A flag that indicates if a customer can be contacted by an email address.

contactable_global

Boolean

A flag that indicates if a customer can be contacted by phone number, email address, or physical mailing address.

contactable_phone

Boolean

A flag that indicates if a customer can be contacted by phone.

customer_classifications

String

A string that contains all of the classifications for a customer. For example: "is_reseller, is_outlier" or "is_test_account". A value of " " indicates that all classifications are false.

customer_type

String

The type of user: “customer” or “prospect”. A customer has a historical revenue relationship with a brand. A prospect does not have a revenue relationship with a brand.

historical_purchaser_lifecycle_status

String

The status for a customer, based on their history and recency of interactions a brand.
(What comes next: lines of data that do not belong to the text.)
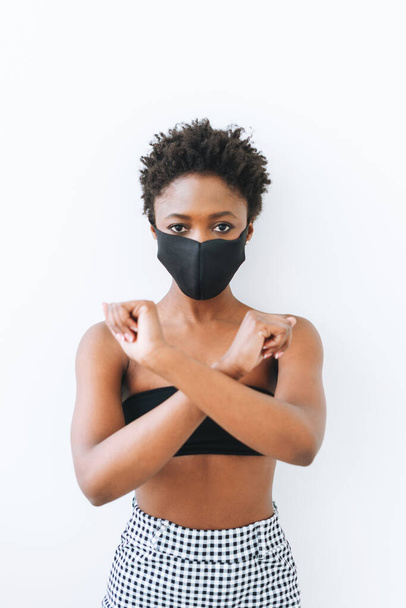 Bella giovane donna afroamericana in top nero e maschera isolata sullo sfondo bianco, stop concetto coronavirus - Foto, immagini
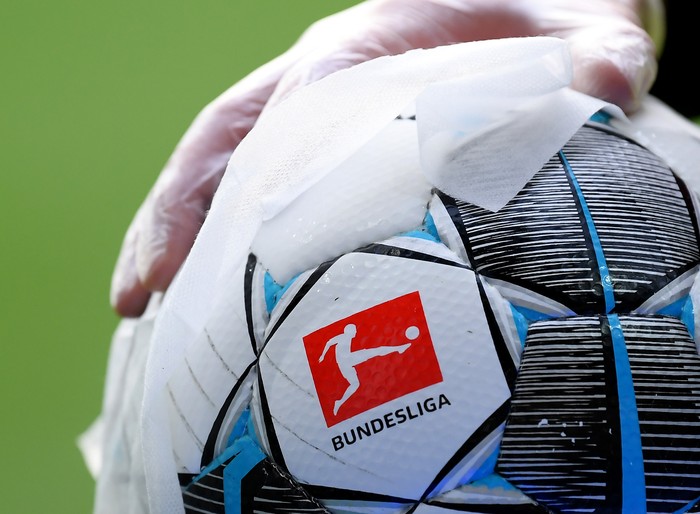 BREMEN, GERMANY - MAY 18: An employee of Werder Bremen disinfects an official match ball ahead of the Bundesliga match between SV Werder Bremen and Bayer 04 Leverkusen at Wohninvest Weserstadion on May 18, 2020 in Bremen, Germany. The Bundesliga and Second Bundesliga is the first professional league to resume the season after the nationwide lockdown due to the ongoing Coronavirus (COVID-19) pandemic. All matches until the end of the season will be played behind closed doors. (Photo by Stuart Franklin/Getty Images)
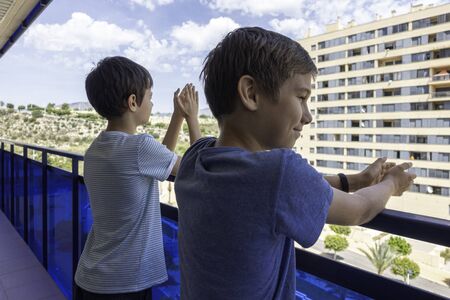 Applause to medical staff. Family clapping hands, applauding from balcony to support doctors, nurses, hospital workers during Coronavirus pandemic quarantineの写真素材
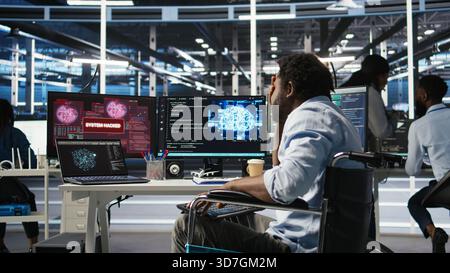 Man with paraplegia in server hub trying to protect hardware from hacker attack stealing sensitive information. Data center specialist in wheelchair fighting virus during security breach, camera A Stock Photo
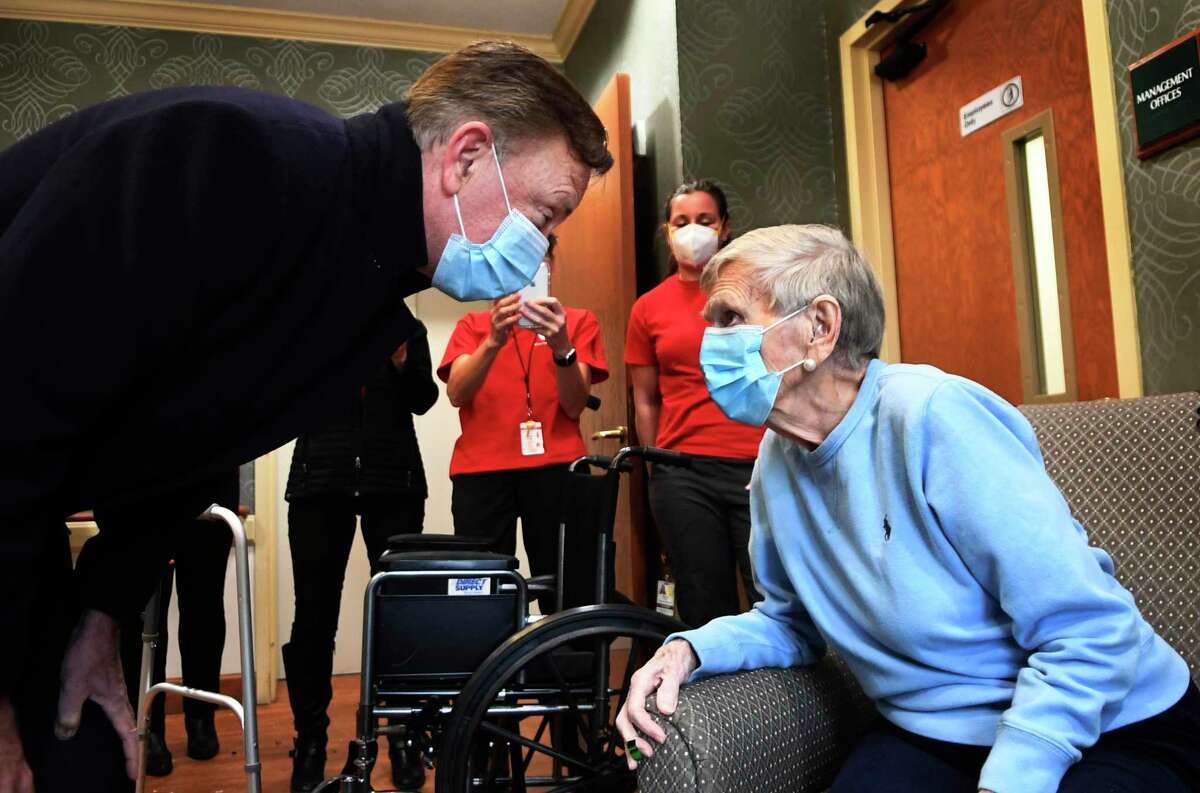Gov. Ned Lamont greets Jeanne Peters, 95, a rehab patient at The Reservoir, a nursing facility in West Hartford, after she was given the first COVID-19 vaccination at the nursing home Friday, Dec. 18, 2020. The home, owned by Genesis HealthCare, is among those where a strike has been authorized.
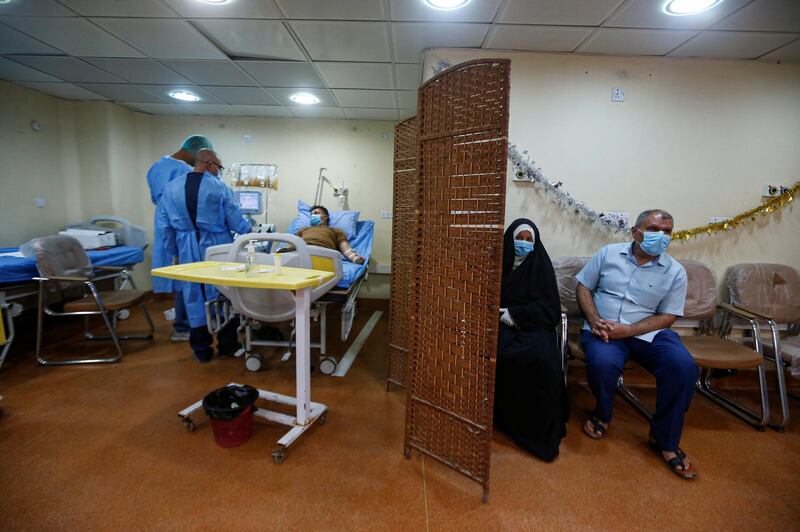 A couple who have recovered from the coronavirus wear protective face masks as they wait to donate blood plasma to help critically ill patients at Basra Teaching Hospital in Basra, Iraq. Reuters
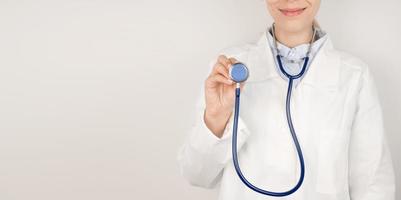 Female Doctor holding up the disc of a stethoscope pointing towards the camera preparing to listen to a patients heartbeat and lungs.Respiratory diseases concept.Copy space banner photo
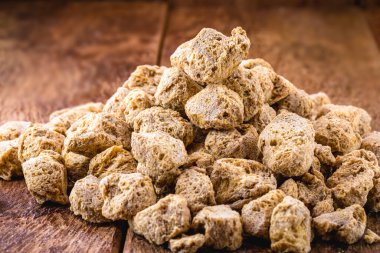 Soya fasulyesi yığını, tahtadan arka planda granüle soya proteini, vejetaryen ya da vejetaryen yemeklerde et yerine kullanılan yiyecekler..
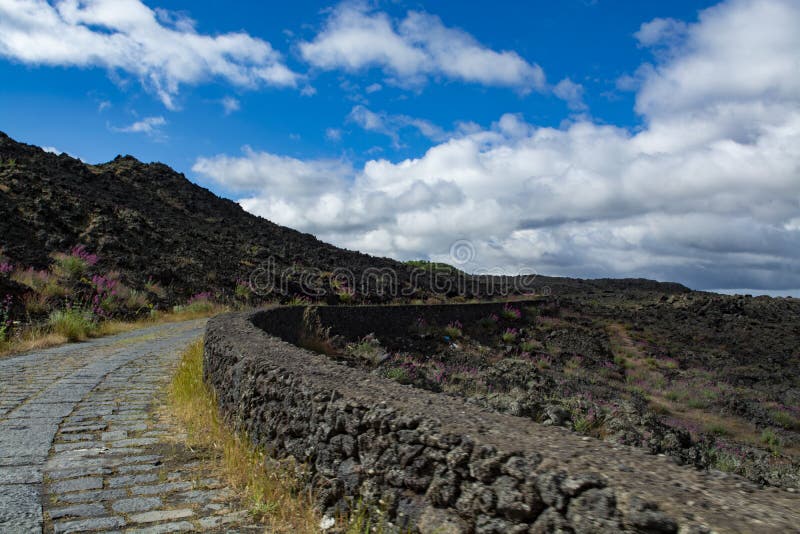 Camino de piedra a través de campos de lava negros en las cuestas del volcán del monte Etna, acceso del coche al parque nacional imagenes de archivo Camino de piedra a través de campos de lava negros en las cuestas del volcán del monte Etna, acceso del coche al parque nacional imagenes de archivo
Possible values: “active”, “lapsed”, and “dormant”.

Customer states are defined as “active”, “lapsed”, “dormant”, and “prospect”. Purchase behaviors assigned across a 5 year window. A customer who has purchased within the previous 365 days (1 year) is assigned to “active” and within the previous 730 days (2 years) is assigned to “lapsed”. A customer who has not purchased within 2 years is assigned to “dormant”.

historical_prospect_lifecycle_status

String

The status for a customer who does not have a purchase history with your brand. A prospect is a potential customer to whom you may want to conduct marketing activity. Possible values: “prospect”.

is_business

Boolean

A flag that indicates if a customer has purchased items for business use.

is_employee

Boolean

A flag that indicates if a customer has been an employee of the brand at any time.

is_employee_current

Boolean

A flag that indicates if a customer is a current employee of the brand.

is_gift_giver

Boolean

A flag that indicates if a customer has purchased items as gifts.

is_outlier

Boolean

A flag that indicates if the customer has abnormally high purchase behaviors in comparison to other purchasers.

is_reseller

Boolean

A flag that indicates if the customer is a known or likely reseller of a product.

Tip

A reseller should be defined as an early repeat purchaser with a high lifetime order frequency. Use the following fields from the Transaction_Attributes table to define a reseller:

  • early_repeat_purchaser (set to true)

  • lifetime_order_frequency (define as a threshold, such as > 50)

is_test_account

Boolean

A flag that indicates if the customer is a known test account for a brand.

marketable_address

Boolean

A flag that indicates if a customer has a marketable physical mailing address and has given permission to be contacted.

marketable_email

Boolean

A flag that indicates if a customer has a marketable email mailing address and has given permission to be contacted.

marketable_global

Boolean

A flag that indicates if a customer has a marketable phone number, email address, or physical mailing address and has given permission to be contacted.

marketable_phone

Boolean

A flag that indicates if a customer has a marketable phone number and has given permission to be contacted.